Global smartphone adoption
While I knew there was significant upside in the penetration of smartphones worldwide, I was astounded to learn that smart-devices account for a scant 16% of total mobile phone subscriptions around the globe. When looking at statistics for China, the growth opportunity is amazing, as 3G penetration stands at only 6% after doubling in the past year. That one stat alone highlights the great mobile opportunity ahead in China, and for Apple, one huge catalyst for accelerating growth in China appears to be taking shape.
China Mobile (NYSE: CHL), the country's largest wireless carrier, which boasts 670 million subscribers and is about three times the size of the next-largest carrier, China Unicom, recently announced that it is in discussions with Apple to officially carry the iPhone. Seems a little late, doesn't it? The problem has been China Mobile's unique 3G network standard TD-SCDMA, which isn't compatible with current iPhones.
However, China Mobile customers are so enamored of the phone that more than 15 million have paid exorbitant retail prices to use unlocked iPhones on the company's archaic 2G network. Thankfully, Qualcomm's (Nasdaq: QCOM) next-generation Gobi baseband chip, which will play well with China Mobile's network, is widely expected in the next iPhone. Given customer enthusiasm for tortoise-like 2G speeds, it doesn't take a genius to understand the opportunity presented by a carrier-subsidised, network-compatible version.
Monetising mobile
It's no secret that monetising mobile is one of Facebook's biggest challenges. In fact, I've read about it so much I'm sick of hearing the two words used in succession. Unfortunately for Facebook shareholders, the statistics offered by Meeker don't paint a very bright future for monetis… I mean… generating revenue from smartphone users. With advertising accounting for 85% of total revenue, Facebook is already widely aware of the 20%-80% discount mobile ads receive relative to desktop delivery.
However, there is still a large gap to fill in reconciling mobile ad spending with the amount of attention the mobile medium receives from consumers. Currently, mobile accounts for 1% of total advertising spending despite commanding about 10% of consumer attention. Conventional wisdom suggests that mobile spending will converge with the attention percentage over time, similar to how it has played out with desktop Internet ad spending.

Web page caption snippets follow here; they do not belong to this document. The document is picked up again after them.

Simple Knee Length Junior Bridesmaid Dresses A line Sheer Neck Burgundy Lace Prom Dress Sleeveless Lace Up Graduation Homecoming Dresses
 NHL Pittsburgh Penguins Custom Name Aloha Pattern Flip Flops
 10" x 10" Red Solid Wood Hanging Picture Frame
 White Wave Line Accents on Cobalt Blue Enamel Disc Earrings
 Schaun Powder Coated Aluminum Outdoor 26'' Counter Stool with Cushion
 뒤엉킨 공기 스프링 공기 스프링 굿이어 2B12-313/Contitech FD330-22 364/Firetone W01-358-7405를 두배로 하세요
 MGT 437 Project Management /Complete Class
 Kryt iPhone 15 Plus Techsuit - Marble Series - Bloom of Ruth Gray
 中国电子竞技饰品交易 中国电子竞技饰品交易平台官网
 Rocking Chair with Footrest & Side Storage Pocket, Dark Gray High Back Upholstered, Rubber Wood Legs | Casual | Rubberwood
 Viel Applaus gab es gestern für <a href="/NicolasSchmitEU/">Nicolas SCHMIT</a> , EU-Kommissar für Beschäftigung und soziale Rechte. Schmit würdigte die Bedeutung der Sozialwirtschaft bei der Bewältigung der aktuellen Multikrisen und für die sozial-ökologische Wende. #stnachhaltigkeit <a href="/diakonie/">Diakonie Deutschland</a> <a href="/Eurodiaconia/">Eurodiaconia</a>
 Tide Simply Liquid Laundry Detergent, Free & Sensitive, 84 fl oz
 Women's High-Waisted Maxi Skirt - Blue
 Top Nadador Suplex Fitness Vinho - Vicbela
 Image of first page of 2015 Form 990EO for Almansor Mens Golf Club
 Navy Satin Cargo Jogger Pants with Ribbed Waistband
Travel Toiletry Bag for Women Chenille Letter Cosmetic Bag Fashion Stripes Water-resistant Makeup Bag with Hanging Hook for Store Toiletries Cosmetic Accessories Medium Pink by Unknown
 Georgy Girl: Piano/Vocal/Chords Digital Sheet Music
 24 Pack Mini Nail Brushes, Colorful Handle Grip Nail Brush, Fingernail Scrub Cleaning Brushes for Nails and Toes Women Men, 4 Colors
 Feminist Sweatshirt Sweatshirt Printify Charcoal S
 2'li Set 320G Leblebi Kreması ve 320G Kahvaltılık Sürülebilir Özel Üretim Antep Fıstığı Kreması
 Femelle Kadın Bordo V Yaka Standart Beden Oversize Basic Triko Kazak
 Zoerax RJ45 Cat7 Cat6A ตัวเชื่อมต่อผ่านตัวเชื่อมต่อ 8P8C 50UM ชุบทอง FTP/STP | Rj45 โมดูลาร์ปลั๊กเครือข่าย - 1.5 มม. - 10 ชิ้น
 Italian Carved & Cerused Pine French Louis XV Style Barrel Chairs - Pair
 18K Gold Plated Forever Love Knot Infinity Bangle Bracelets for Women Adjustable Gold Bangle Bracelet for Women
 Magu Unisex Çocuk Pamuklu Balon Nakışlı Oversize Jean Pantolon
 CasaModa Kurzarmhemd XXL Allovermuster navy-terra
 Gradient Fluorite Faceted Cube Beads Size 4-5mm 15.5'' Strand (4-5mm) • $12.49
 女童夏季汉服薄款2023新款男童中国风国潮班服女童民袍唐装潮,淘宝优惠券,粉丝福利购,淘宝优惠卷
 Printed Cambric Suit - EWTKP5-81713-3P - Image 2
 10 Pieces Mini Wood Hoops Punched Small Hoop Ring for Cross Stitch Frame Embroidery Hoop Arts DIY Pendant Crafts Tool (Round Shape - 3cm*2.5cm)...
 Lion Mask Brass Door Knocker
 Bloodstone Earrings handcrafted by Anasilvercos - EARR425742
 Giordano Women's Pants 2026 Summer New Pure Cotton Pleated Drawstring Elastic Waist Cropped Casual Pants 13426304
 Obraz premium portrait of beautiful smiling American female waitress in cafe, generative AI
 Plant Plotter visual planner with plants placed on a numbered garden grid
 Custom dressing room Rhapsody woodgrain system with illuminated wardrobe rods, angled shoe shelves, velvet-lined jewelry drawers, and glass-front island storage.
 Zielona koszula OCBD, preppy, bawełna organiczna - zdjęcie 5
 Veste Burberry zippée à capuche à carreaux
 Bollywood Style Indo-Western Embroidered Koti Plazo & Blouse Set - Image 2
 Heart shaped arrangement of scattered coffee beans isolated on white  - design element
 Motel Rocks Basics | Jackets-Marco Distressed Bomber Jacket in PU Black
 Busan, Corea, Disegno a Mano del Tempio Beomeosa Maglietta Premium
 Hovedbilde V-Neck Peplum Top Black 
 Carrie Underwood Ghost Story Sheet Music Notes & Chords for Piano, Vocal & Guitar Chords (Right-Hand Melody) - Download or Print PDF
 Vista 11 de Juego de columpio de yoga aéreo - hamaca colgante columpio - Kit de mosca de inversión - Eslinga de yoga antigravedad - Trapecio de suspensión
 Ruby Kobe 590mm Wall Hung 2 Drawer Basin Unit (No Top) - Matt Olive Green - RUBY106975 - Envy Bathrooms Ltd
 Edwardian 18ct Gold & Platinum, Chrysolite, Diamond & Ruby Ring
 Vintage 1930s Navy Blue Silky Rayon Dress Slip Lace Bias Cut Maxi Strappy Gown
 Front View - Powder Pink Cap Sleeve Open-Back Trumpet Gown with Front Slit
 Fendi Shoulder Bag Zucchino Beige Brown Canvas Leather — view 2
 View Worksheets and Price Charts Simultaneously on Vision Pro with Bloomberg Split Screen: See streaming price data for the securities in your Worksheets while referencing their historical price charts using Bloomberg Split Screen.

However, I think there could be a major flaw with that thinking. Mobile presents some unique challenges for advertisers given its small form-factor, and doesn't lend itself to the plethora of formats offered to desktop advertisers. On the other hand, it also offers unique opportunities such as highly targeted location-based advertising. Time will tell, but monetising mobile without bugging users is sure to be one tough nut to crack for Facebook.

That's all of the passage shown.